Problem description: The result should be an exact copy of only the lines from the one holding "Замшеві мокасини Aldo JOANA бежевий 13917701" through the last line of the data below, please, without pictures.

Stored data:
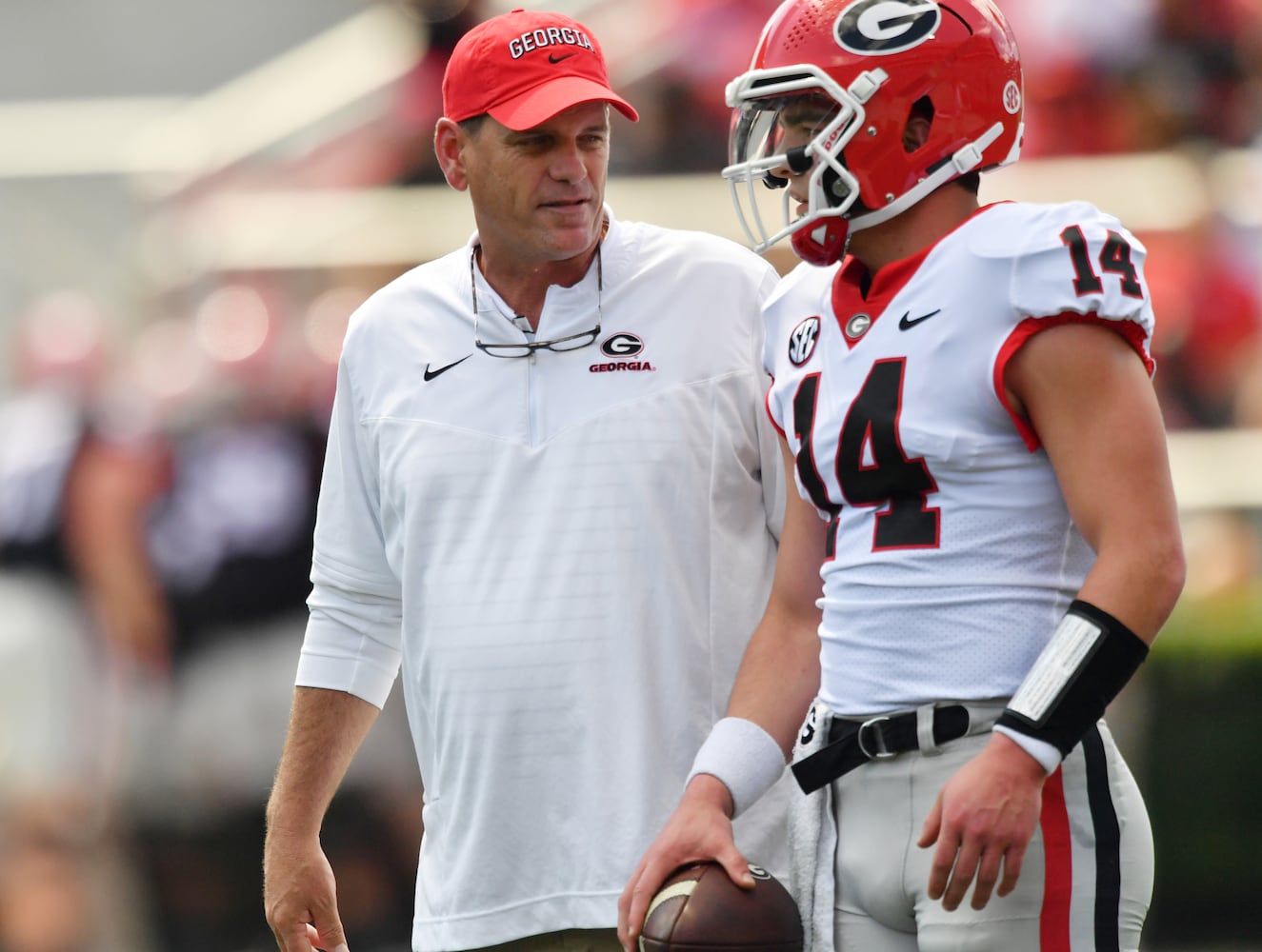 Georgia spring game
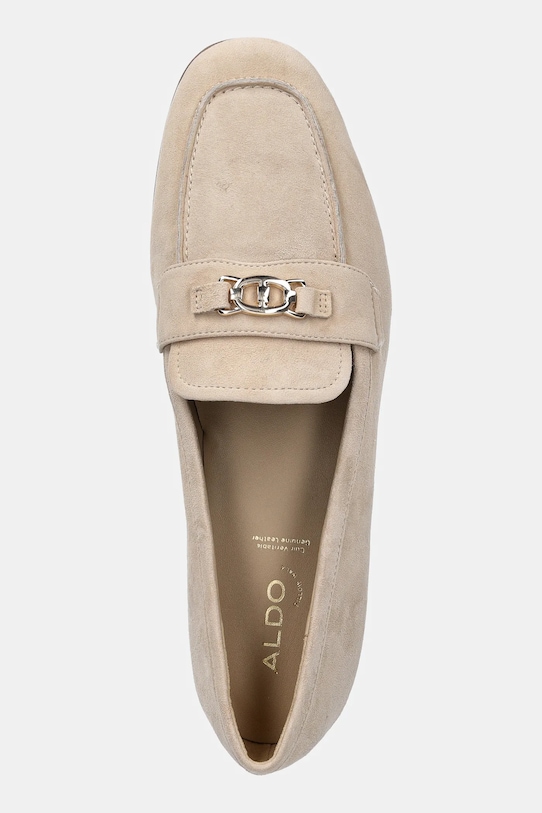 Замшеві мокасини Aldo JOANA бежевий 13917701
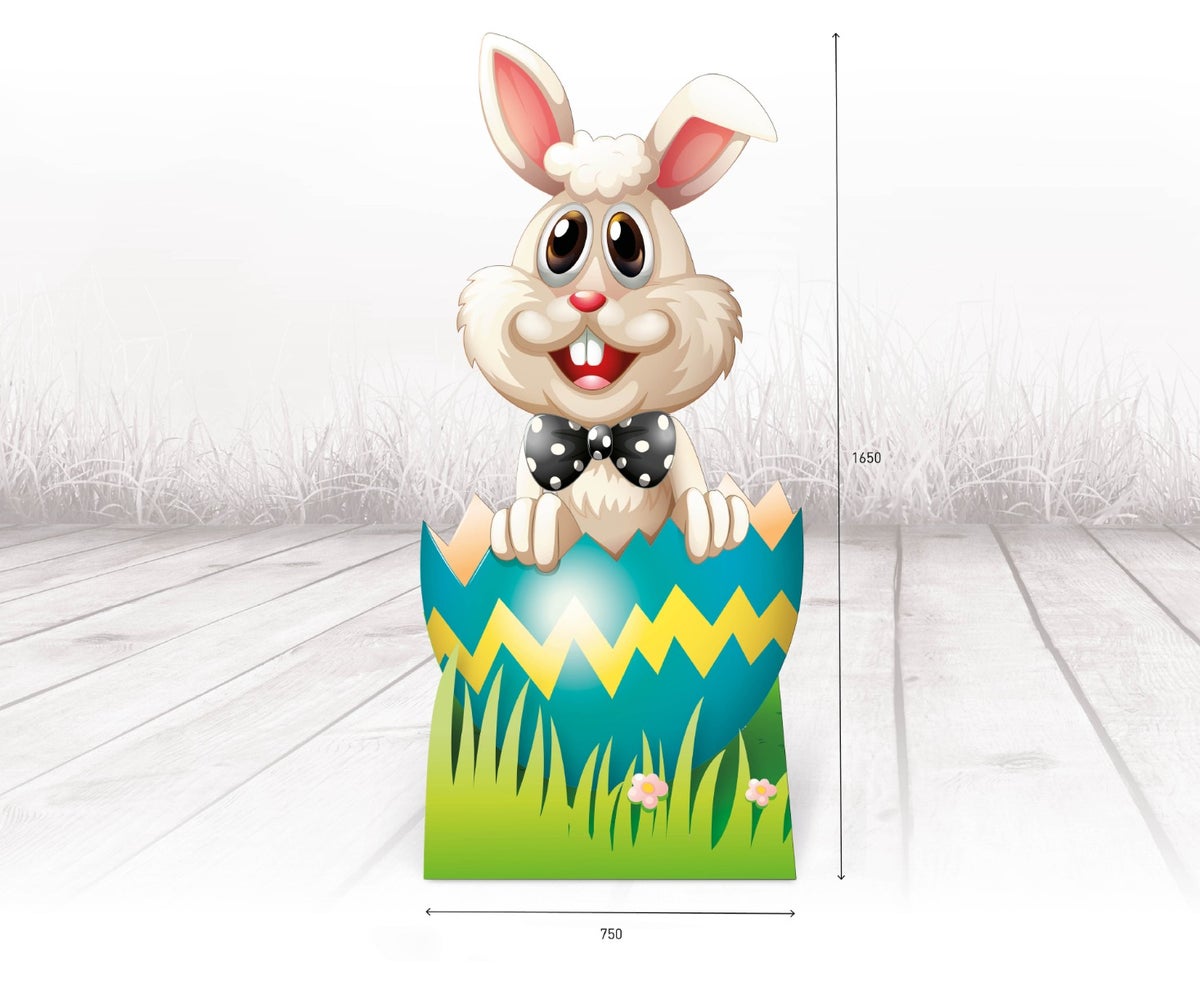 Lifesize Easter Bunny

Completed exercise:
 Замшеві мокасини Aldo JOANA бежевий 13917701
 Lifesize Easter Bunny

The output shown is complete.